Keeping public areas safe with more affordable and efficient video solutions
2024-04-03

Jamie Barnfield, Senior Sales Director, IDIS Europe

 

The UK remains one of the most developed regions for public area CCTV, but a tough economic outlook is putting pressure on operators.

As a result, when video infrastructure reaches the end of life, and when image quality becomes unreliable, the temptation is to reduce coverage and to slim down operations.

But when this happens, it’s not popular with voters. People value their community camera systems and recognize the role surveillance plays in keeping them safe and catching criminals. Support for public area cameras is consistently over 80%.

So, could there be a better way – and could useful lessons be learned from the powerful, flexible, and more affordable solutions that are working so well in commercial settings?

Funding tensions

It should come as no surprise to read reports of funding tensions between public realm CCTV stakeholders – police, councils, PCCs, business improvement districts, private providers etc. 

In February, for example, Somerset Council, facing a £100m funding shortfall, said its CCTV service would be able to continue only because local town and parish councils were willing to help fund cameras in their areas. In October it was reported that Chichester District Council was streamlining its CCTV as part of a £115k upgrade to a wireless solution that promised better image quality. Following consultation with Sussex Police New cameras were to be installed, but a spokesperson confirmed to the BBC that the overall number of cameras would be reduced from 65 to 27.

Streamlining

The question of streamlining is one that other public realm CCTV schemes are likely wrestling with too. If costs can be cut by phasing out cameras in lower risk, lower priority locations (in Chichester’s case that was said to be mainly council-owned car parks), then core surveillance coverage might be maintained.

But could a better answer be provided by a new generation of video systems – ones that are more streamlined and affordable? In some cases, these could help to maintain or even increase public area surveillance coverage.

Recent system upgrades that we’ve been involved in show how ageing infrastructure can be modernized more efficiently and sustainably than in the past, without compromising on coverage; and how workloads on monitoring teams can be reduced with easier operating systems. And they point to how advances in AI can enable further efficiencies, as well as greater capabilities.

Offsetting budget pressures

Our new generation of video solutions might help to offset budget pressures for public CCTV systems reaching the end of life, and system owners facing the unwelcome choice of either upgrading or struggling on with tired infrastructure that’s disproportionately costly to operate.

It could also be good news for systems now in need of reconfiguration or expansion; or operators facing pressure to move away from tech vendors associated with repressive regimes (taking the same approach as Kent County Council, for example, which last year committed to phasing out controversial vendors when maintenance and upgrades are undertaken).
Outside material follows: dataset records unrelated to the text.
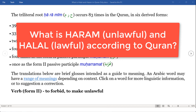Salam everyone. I was asked the question: what is halal and what is haram according to the Quran only? This is a fairly common question and people have been going back and forth for probably hundreds and hundreds of years trying to find out what really is halal and what is haram.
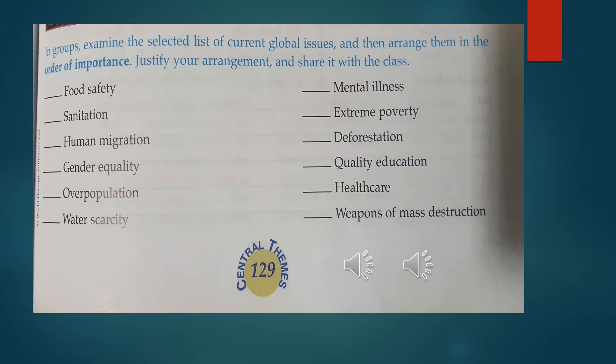Let's arrange them in order of importance. One, quality education. Two, food safety. Three, sanitation, which is related to hygiene and cleanliness. Four is healthcare. Five, mental illness. Six, water scarcity, which is related to water shortage or shortage in water supply. Seven, extreme poverty. Eight, deforestation, which is a noun meaning the action of clearing a wide area of trees. Nine, gender equality, which is equality between males and females.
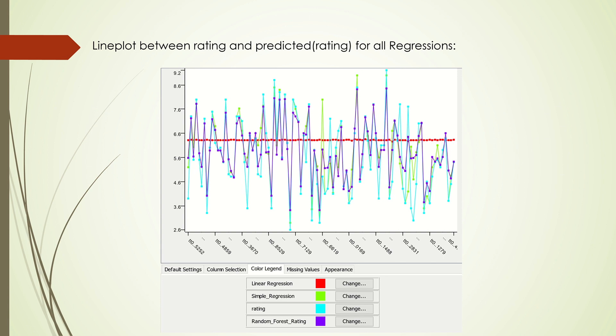Looking at the line plot, linear regression performs quite badly at predicting any sort of good values. Simple regression does pretty well for predicting lower values but not so good at predicting higher values. Random forest regression does quite well with both values.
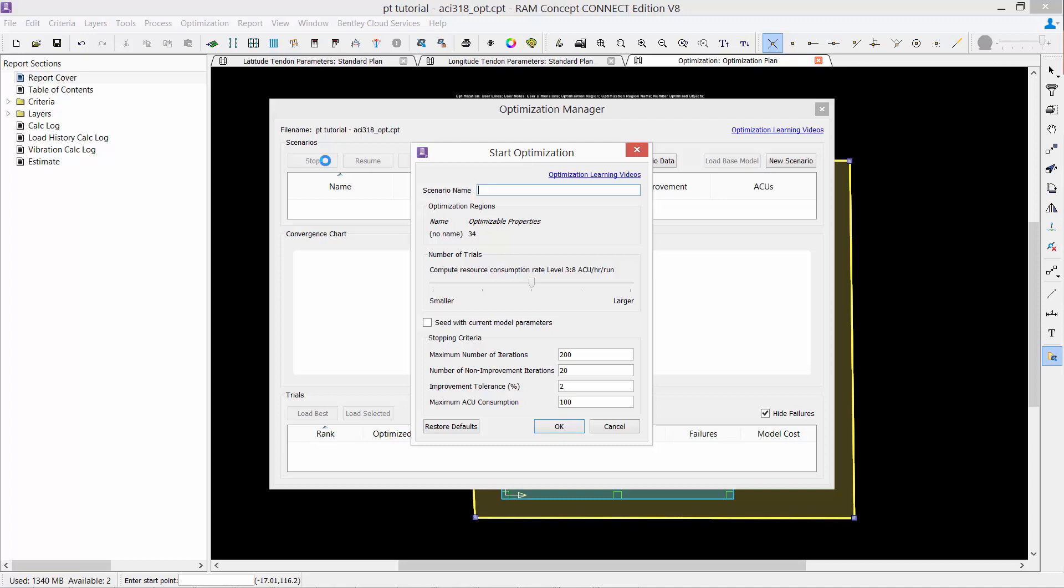RAM Concept has a post-tensioned optimization workflow that will allow you to select better and economical tendon designs, analyzing many alternatives. Since the optimization process requires many trials to be evaluated, cloud computing is employed to calculate many of these trials in parallel. This decreases the optimization computation time and frees up your desktop for other processes.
Maintaining surveillance services

These options are emerging at just the right time to help maintain real time surveillance services which might otherwise be cut.

And we’ve reached the point where AI analytics can help public area surveillance too, especially if users are realistic about what automated detection and alerts can be used for. Functions such as line-cross and loitering detection can support monitoring teams in keeping watch over locations such as car parks, especially out-of-hours, to remove the need for continual viewing by operators.

The same approach to automated detection can be applied more generally to out-of-hours monitoring, where the attention of operators can be focused on only the scenes where activity is occurring, where people and/or vehicles are present.

New applications

Left object detection has obvious applications in public settings. And people counting can help in locations where crowd management is important, to allow security patrols to be coordinated more efficiently. Add in the latest mobile VMS apps, for continued system monitoring by operators and managers when they are away from the control room, and public CCTV operations can become more flexible still.

AI analytics can be added for relatively little cost using targeted edge AI cameras, or add-on AI box devices which allow analytics to be targeted on selected, priority locations.

All these functions are now working well in commercial surveillance applications, and public CCTV operators looking for ways to reduce operating costs can use them to ease staffing pressures without having to reduce coverage.